Commercial vessels, including towboats and tugboats, operate 365 days a year, 24 hours a day. Here are some tips for sharing the water with them.

• The speed of a ship, towboat or tugboat can be deceptive. A tow can travel one mile in seven minutes — a ship even faster — and it generally takes 0.75 to 1.5 miles to stop. If a water skier falls 1,000 feet in front of a moving tug or tow, the skier has less than one minute to get out of the way.
• Large vessels must maintain speed to steer, and they must stay in the channel. Many channels are unmarked. On some waterways, the channel extends bank to bank, so expect vessel traffic on any portion of the waterway.
• A pilot’s “blind spot” can extend for hundreds of feet in front of tugboats and towboats pushing barges.
• In narrow channels, a tug’s or tow’s powerful engines can cause a smaller vessel to be pulled toward the tow when passing alongside.
• “Wheel wash” is a strong current caused by towboat or ship engines that can result in severe turbulence hundreds of yards abaft a large vessel.

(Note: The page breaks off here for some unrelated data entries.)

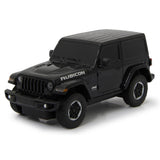 Jamara Jeep Wrangler JL 1:24 schwarz 2,4GHz Ferngesteuertes Auto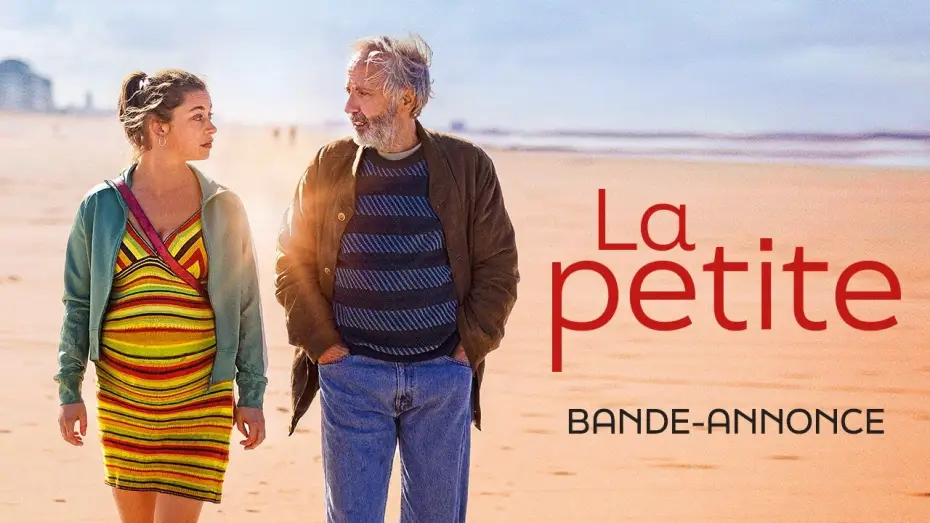 Відео до фільму La Petite | La Petite - Bande-annonce
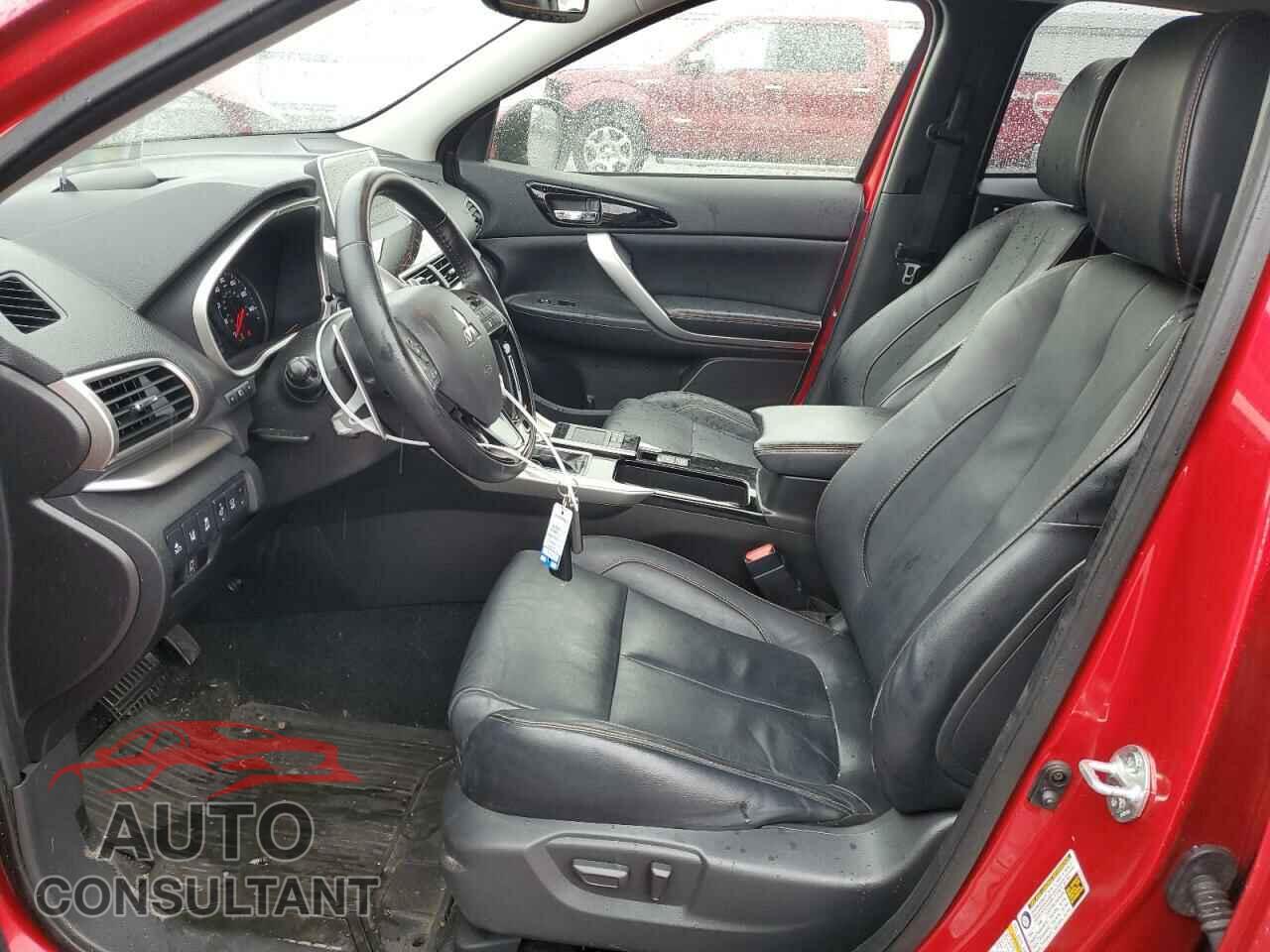 MITSUBISHI ECLIPSE 2018 - JA4AT5AA3JZ039673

• A tug without barges in front could be towing a barge or other objects behind it on a long, submerged line, which lies low in the water and is difficult to see. Never pass closely behind a tugboat.
• Sailing on inland rivers can be hazardous, and sailors (boardsailors, too) should know that a tow or tug can “steal your wind,” so you won’t have the same wind you started with when executing a maneuver near a commercial vessel.
• Operating in adverse weather or low visibility can prove extremely dangerous. Why take a chance?
• Ships, towboats and tugboats use VHF channels 13 and 16. If you are unsure of your situation or their intentions, contact them. Remember, you are sharing the waterways with vessels operated by highly trained and conscientious professionals. If you have a true emergency or need information, they can and will help if properly contacted.